→ What needs to be done
Exclude every picture and return the remaining entries below verbatim.

(Captioned web images)
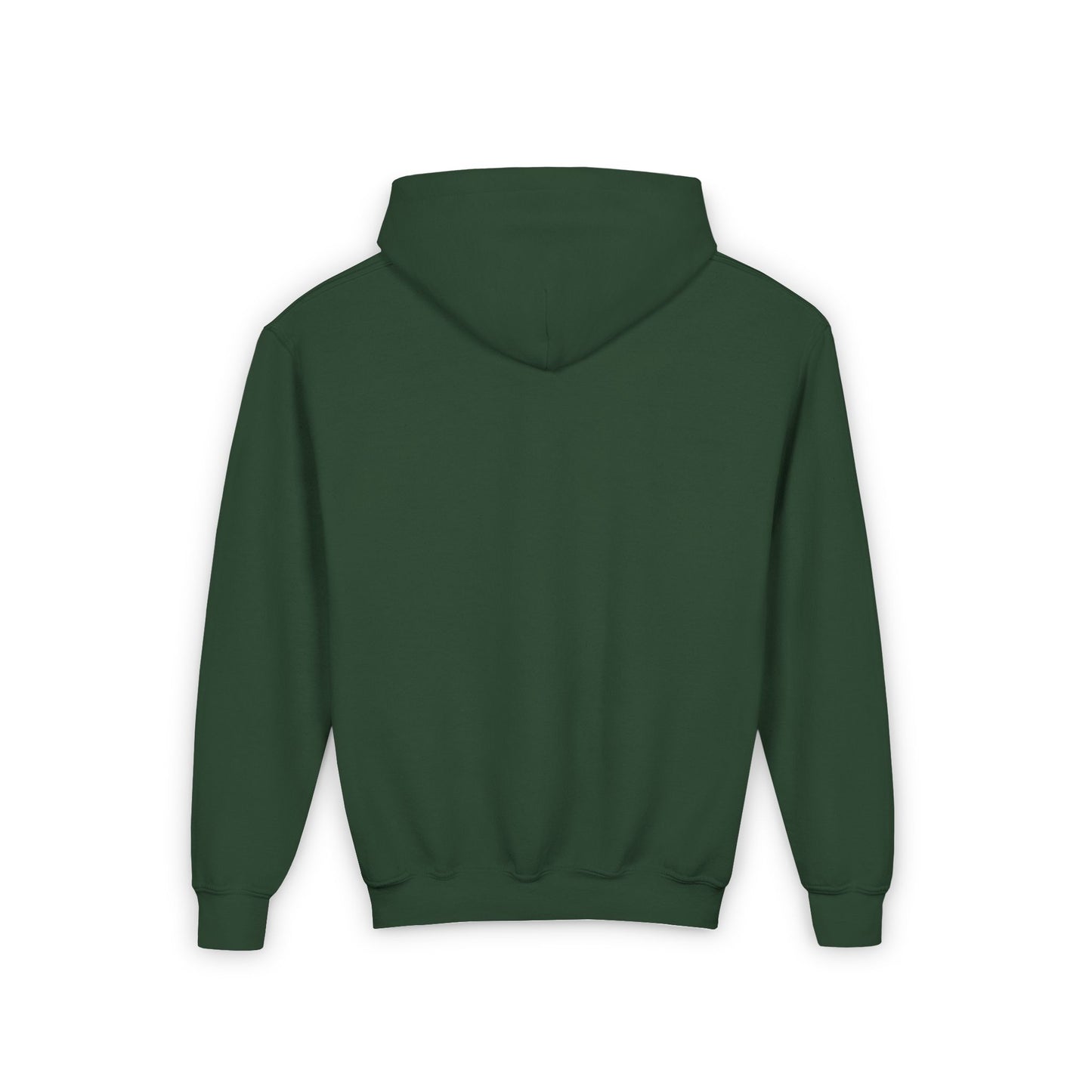 Youth Heavy Blend Hooded Sweatshirt - 'Grace' | Cozy Style, Great for Gifts, Faith Inspired, Everyday Comfort, Teens & Kids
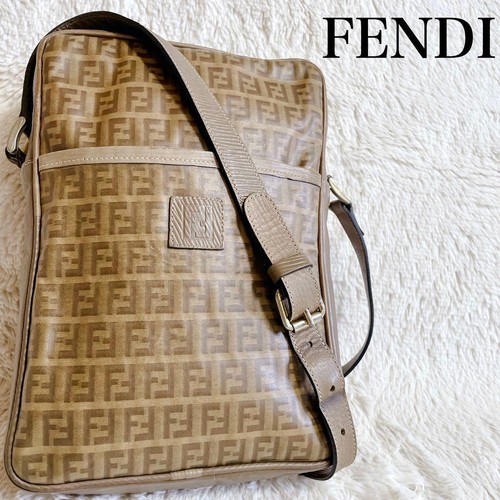 Borsa tracolla fendi zucca - a,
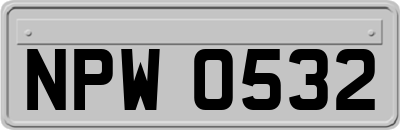 NPW0532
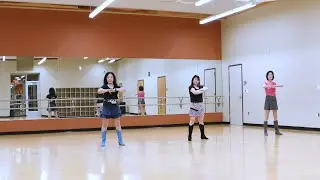 Moonglide - Line Dance (Dance & Teach)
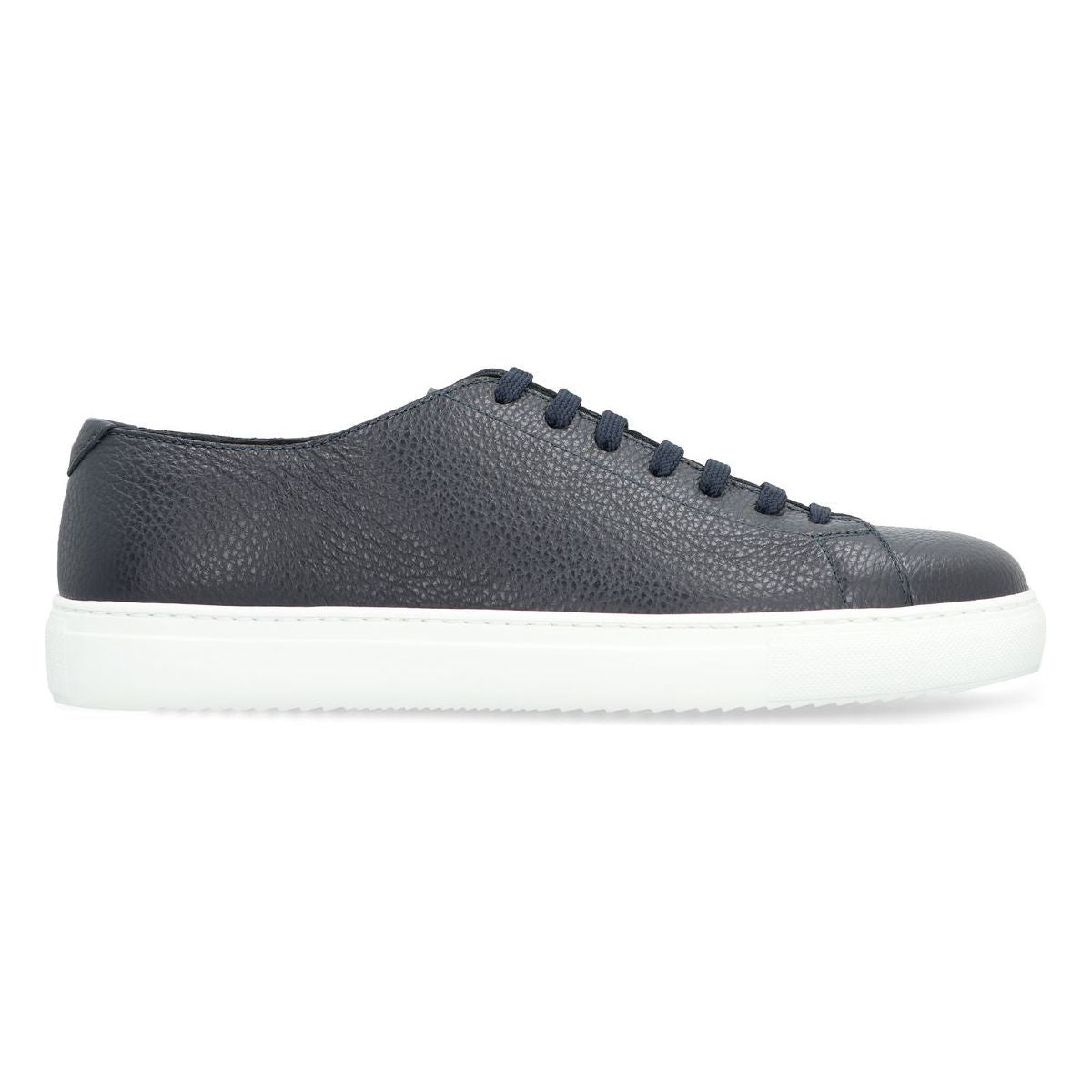 LEATHER LOW-TOP SNEAKERS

→ Written response
 Youth Heavy Blend Hooded Sweatshirt - 'Grace' | Cozy Style, Great for Gifts, Faith Inspired, Everyday Comfort, Teens & Kids
 Borsa tracolla fendi zucca - a,
 NPW0532
 Moonglide - Line Dance (Dance & Teach)
 LEATHER LOW-TOP SNEAKERS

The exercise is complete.